The tax-based theories explain the increasing present value of tax benefits due to long-term debt. Brick and Ravid (1985) [27] showed that the interest tax shield can be enhanced by increasing the proportion of debt payments allocated to long-term debt. Mauer and Lewellen (1987) [28] maintained that long-term debt have a positive effect on the value of a firm. On the contrary, the effect of tax shield could be more than offset by the underinvestment cost, as proposed by the agency theory.
The choice of debt maturity is influenced very little by agency problems and information asymmetry for SMEs. The main factors are the probability of bankruptcy and maturity-matching [29]. Environmental protection firms belonging to R&D intensive and high-growth industries have the lowest likelihood of survival [30]. Thus, short-maturity debt increases potential costs of illiquidity, and thereby enhances liquidity risk [31]. Long-term debt should be in a positive relationship with returns under normal yield shapes due to tax benefits. Leland and Toft (1996) [32] argued that companies with high degree of leverage are tended to choose longer maturity debt to avoid suboptimal liquidation. As stated by Hajiha and Akhlaghi (2013) [33], firms will have more time to repay their debt. Accordingly, we posit the following:
Hypothesis 2.
There is a positive relationship between long-term debt financing and economic performance.
Hypothesis 3.
There is a negative relationship between short-term debt financing and economic performance.
Eriotis et al. (2011) [34] concluded that financing investment activities from internal sources was more profitable than sourcing borrowed capital. Even without consideration of the high costs of external financing, there should still be a negative relationship between profitability and the use of external financing [35]. However, Almeida et al. (2004) [36] verified that highly profitable firms facing high costs for external financing tend to direct cash flows toward liquid assets and have a low propensity to apply them to the reduction of external financing. Although the use of internal sources of financing can be less risky, it can lead to complaints from shareholders when firms have to choose between applying net income to dividends or growth.
Internal funds are a secure, independent and stable source of financing, especially in economic cycles where firms encounter obstacles in the financial market. As environmental protection industry is dominated by SMEs, government support is absent in most circumstances. Thus, firms that self-finance to a greater degree enjoy the confidence of the banks and lower financial risk. Accordingly, we posit the following:
Hypothesis 4.
There is a positive relationship between internal financing and economic performance.

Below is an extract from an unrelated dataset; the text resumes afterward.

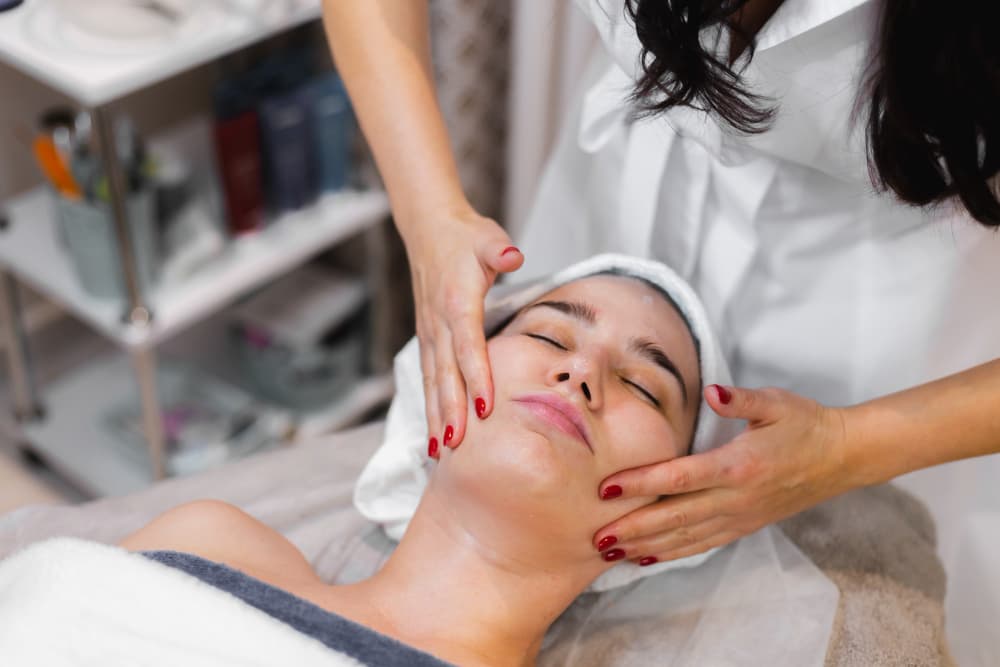 Raaga Express Facial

2.2. The Relationship between Environmental Performance and Economic Performance

The natural resource-based view was developed to add environmental variables to resource-based theory. Hart and Dowell (2011) [37] argued that firms can gain competitive advantage by developing “capabilities that facilitate environmentally sustainable economic activity”. They can obtain superior performance by implementing proactive environmental strategies [38]. The view contends that competitive advantages are rooted in a firm’s capability to facilitate environmentally sustainable economic activity.
According to trade-off theory, firms need to make a trade-off between environmental protection investment and maintaining good economic performance. By improving environmental investment, firms can obtain government subsidies, tax cuts, or tax rebates through environmental protection and energy transformation. Meanwhile, environmental practices can increase a firm’s competitive advantage [39]. Firms can increase product sales, expand their market share and obtain environmental permits for new products fast through protect the environment and develop a positive social image. In contrast, developing an environmental strategy entails substantial investment and long-term commitment to market development for firms. Friedman (1970) [40] uncovered that environmental protection is articulated with additional costs imposed by the government, which would erode a firm’s competitiveness and divert manager’s responsibility to maximize profitability. Additionally, poor environmental performance may face other penalties, such as having production suspended production by the government or being prohibited from expanding production capacity by industrial policy.
Chang (2015) [41] found that firms should abide by environmental policy to improve energy efficiency and reduce emissions. In practice, improving environmental performance (EP) may reduce economic performance in the short term. Excessive environmental R&D expenditures greatly reduce profit margins eventually causes a competitive disadvantage. In contrast, Cai and He (2014) [42] found that environmentally responsible firms experienced long-term abnormal returns. Benefits included increased operational efficiency and reputation, and reductions to the risk of environmental disasters, and improve economic performance [43,44]. Accordingly, we posit the following:
Hypothesis 5.
There is a positive relationship between environmental performance and long-term economic performance.
Hypothesis 6.
There is a negative relationship between environmental performance and short-term economic performance.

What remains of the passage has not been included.